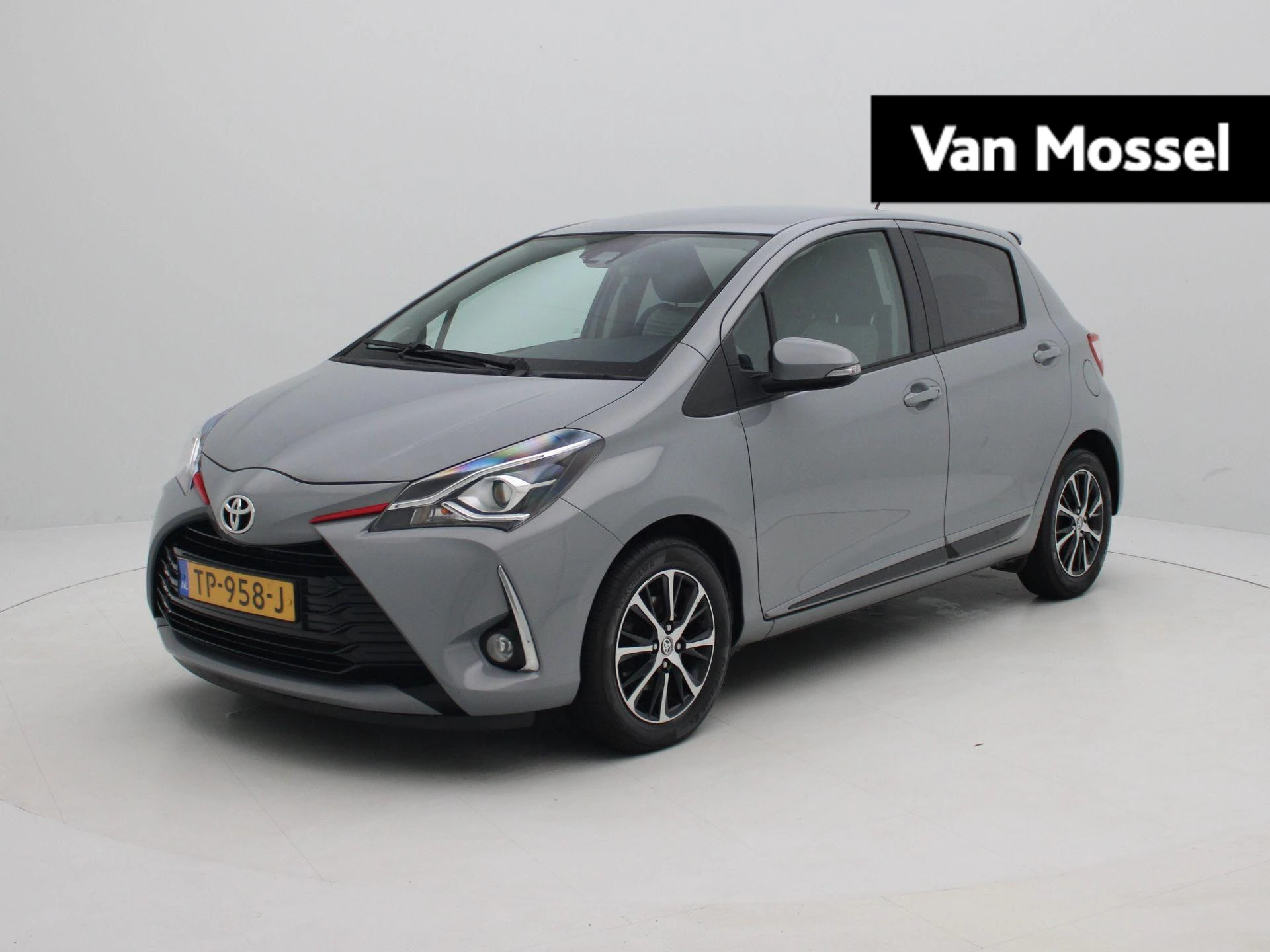Toyota Yaris met kenteken 52100 – autofoto 2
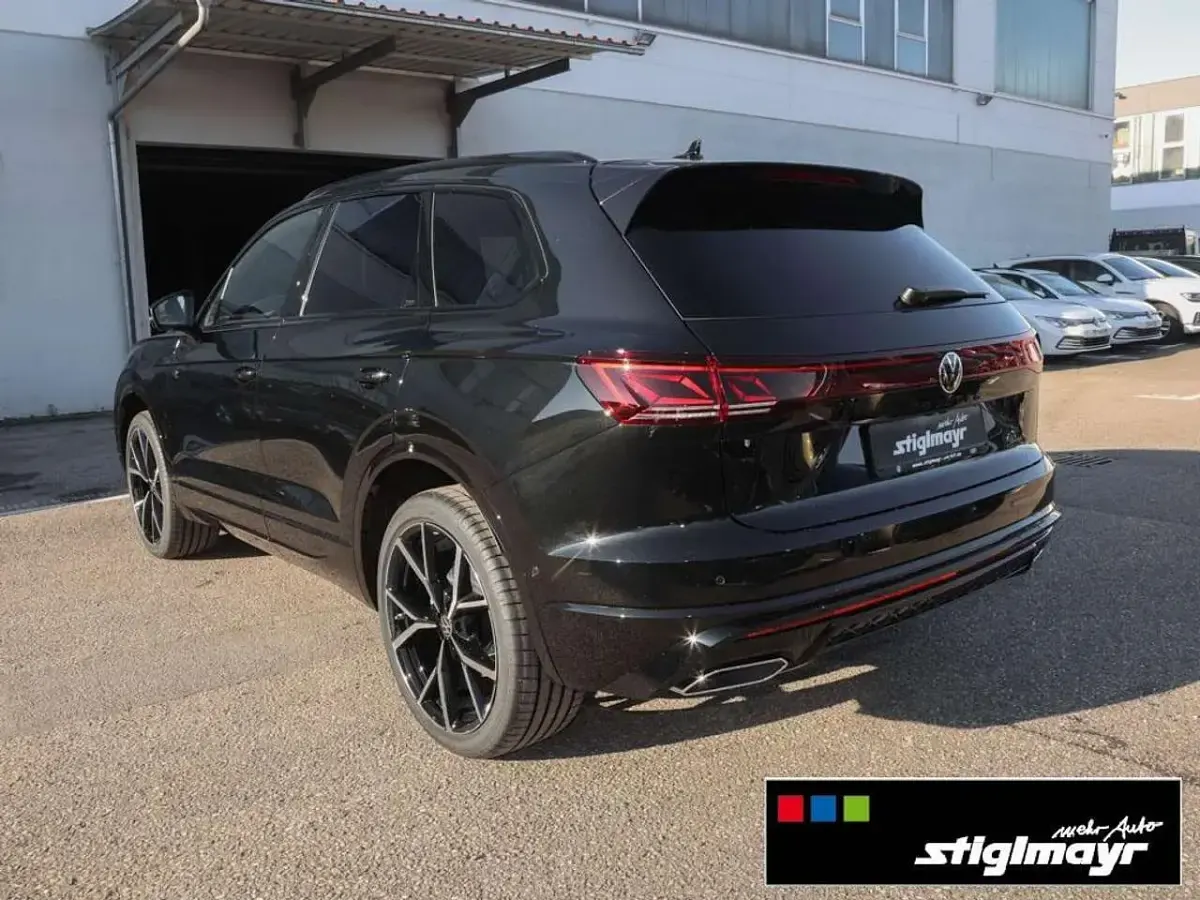 Neu VW Touareg Edition 286 PS (210 kW) 2025 Grenadillschwarz metallic SUV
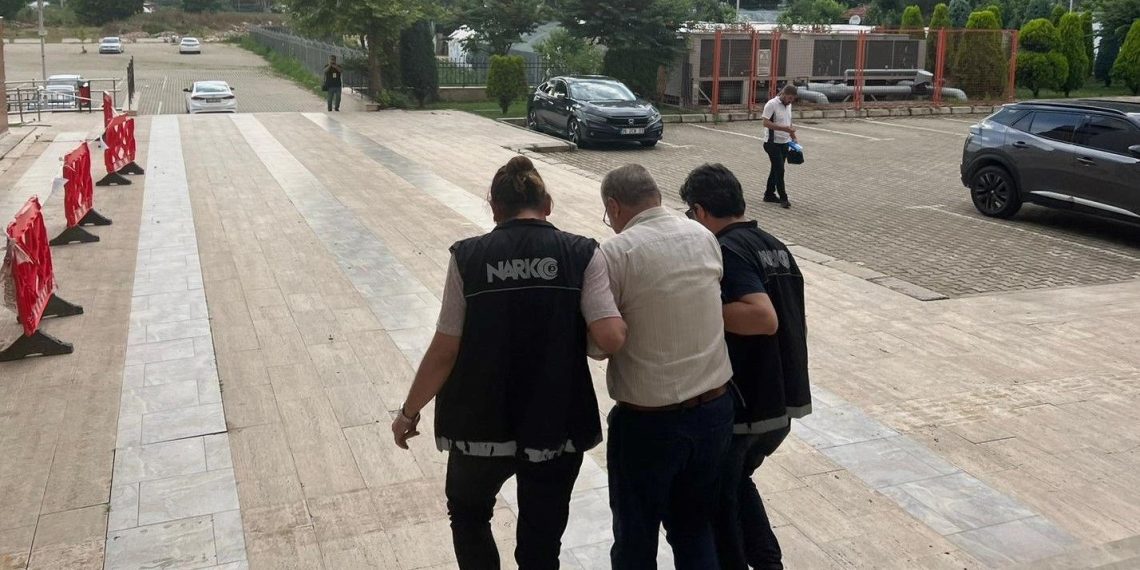 Avukat, cezaevine uyuşturucu sokarken yakalandı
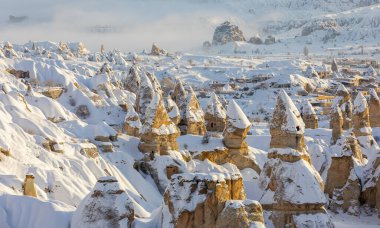 Greme 'deki Güvercin Vadisi ve Mağara Kasabası, Peri bacaları, Kapadokya, Türkiye.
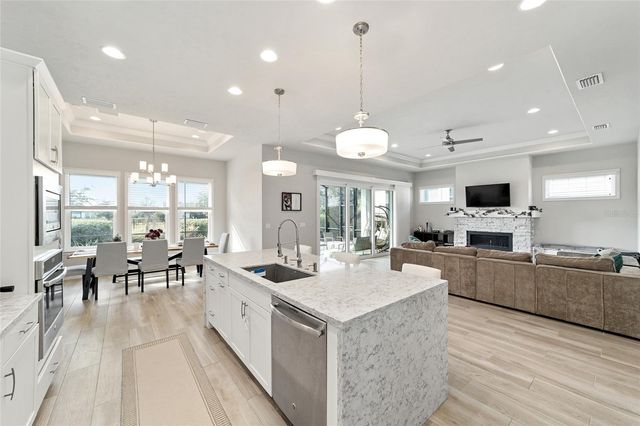 11895 SW 33RD LANE, Gainesville, FL 32608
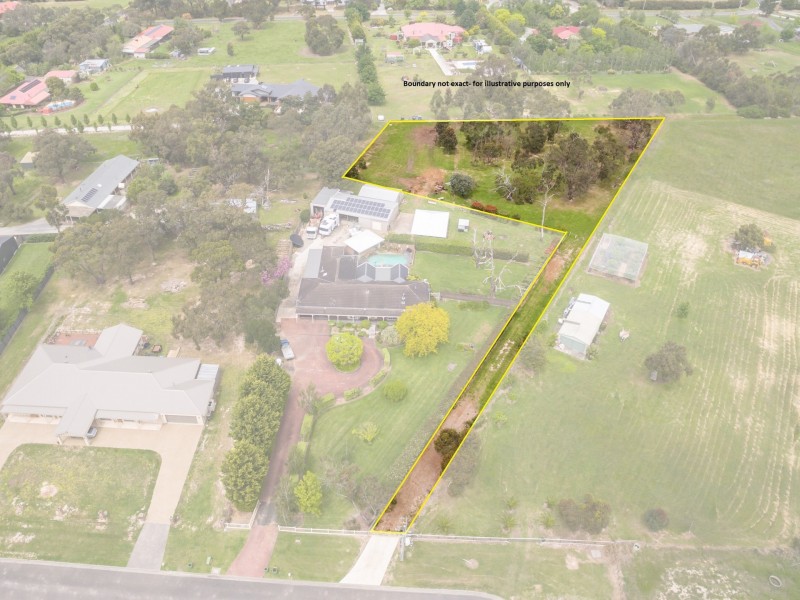 4 Johanna Court, Pakenham VIC 3810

::::

• **What you have to do**:
The entries are to be restated word for word, with pictures omitted.

• **Output for this exercise**:
Toyota Yaris met kenteken 52100 – autofoto 2
 Neu VW Touareg Edition 286 PS (210 kW) 2025 Grenadillschwarz metallic SUV
 Avukat, cezaevine uyuşturucu sokarken yakalandı
 Greme 'deki Güvercin Vadisi ve Mağara Kasabası, Peri bacaları, Kapadokya, Türkiye.
 11895 SW 33RD LANE, Gainesville, FL 32608
 4 Johanna Court, Pakenham VIC 3810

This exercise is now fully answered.